**What the exercise asks**
The answer is the exact text of every line from the one that contains "When Summer Comes" to the final line of the entries below, with pictures left out.

Dataset items

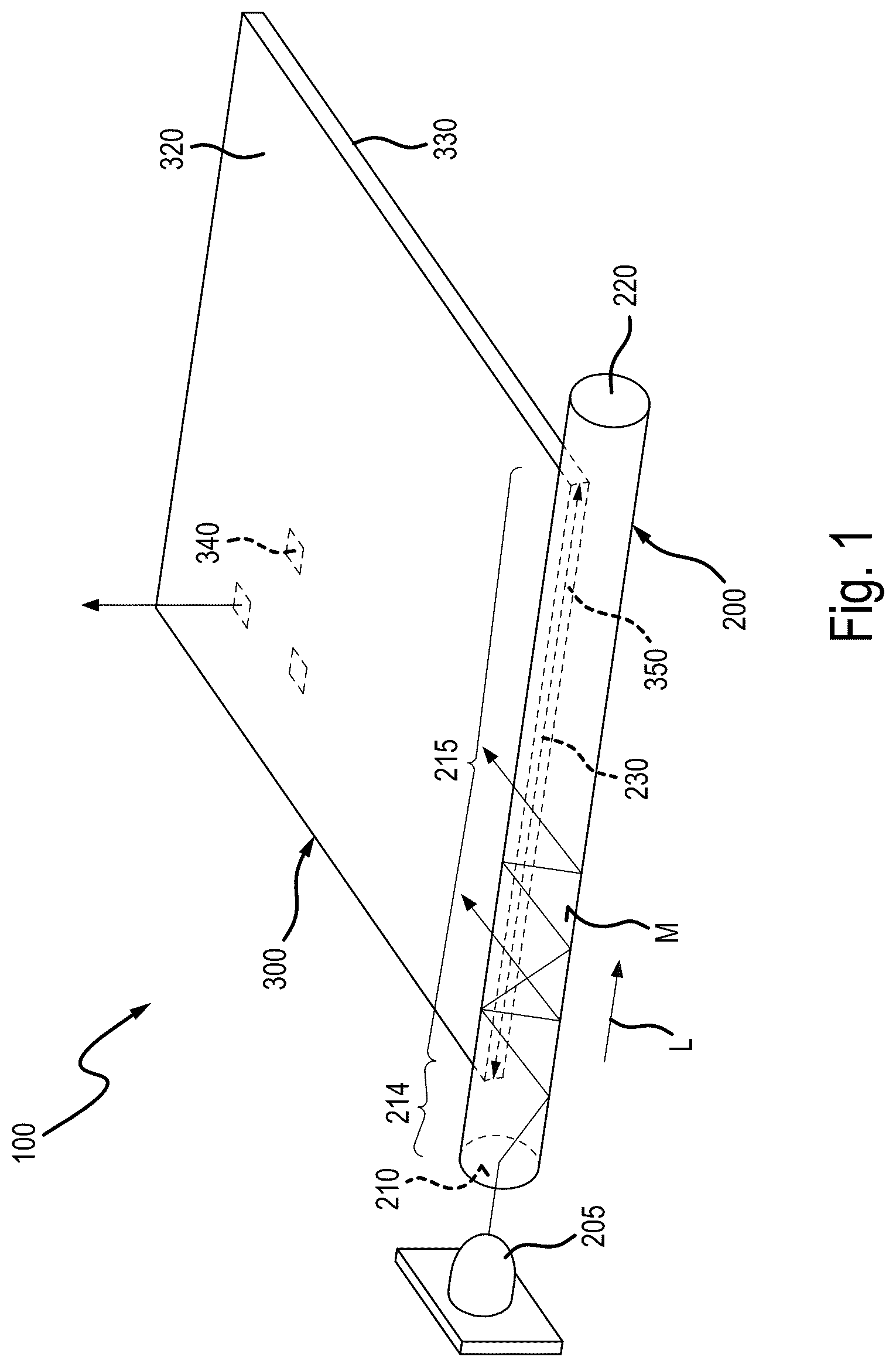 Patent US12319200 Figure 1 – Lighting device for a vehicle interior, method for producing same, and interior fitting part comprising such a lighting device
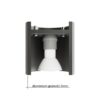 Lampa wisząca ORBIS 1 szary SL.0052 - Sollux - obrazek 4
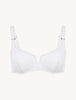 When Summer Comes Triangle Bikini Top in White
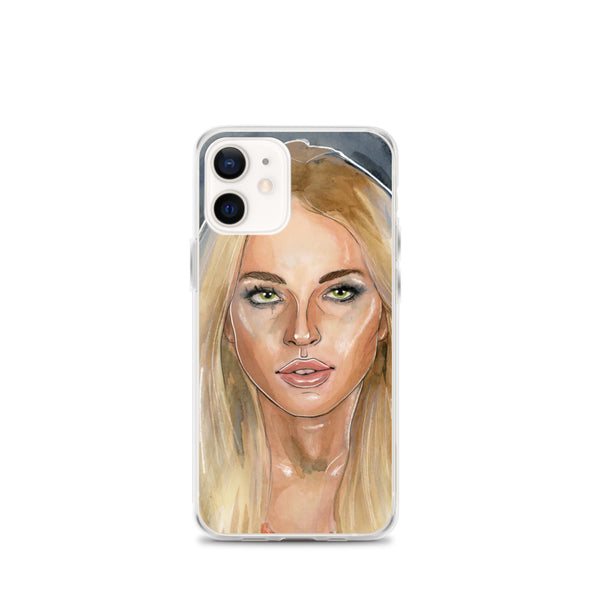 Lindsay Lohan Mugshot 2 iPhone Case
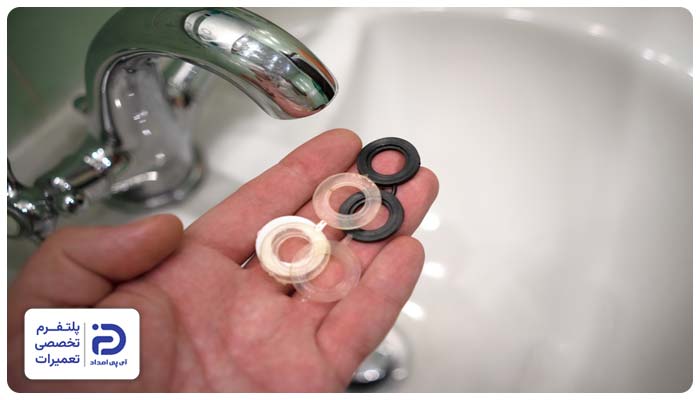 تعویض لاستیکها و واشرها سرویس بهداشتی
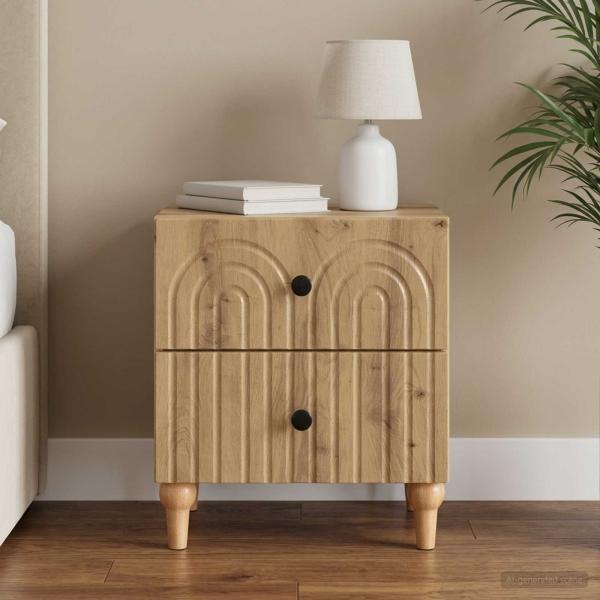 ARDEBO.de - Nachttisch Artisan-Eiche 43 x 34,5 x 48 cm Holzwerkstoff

**Solution to this problem**
 When Summer Comes Triangle Bikini Top in White
 Lindsay Lohan Mugshot 2 iPhone Case
 تعویض لاستیکها و واشرها سرویس بهداشتی
 ARDEBO.de - Nachttisch Artisan-Eiche 43 x 34,5 x 48 cm Holzwerkstoff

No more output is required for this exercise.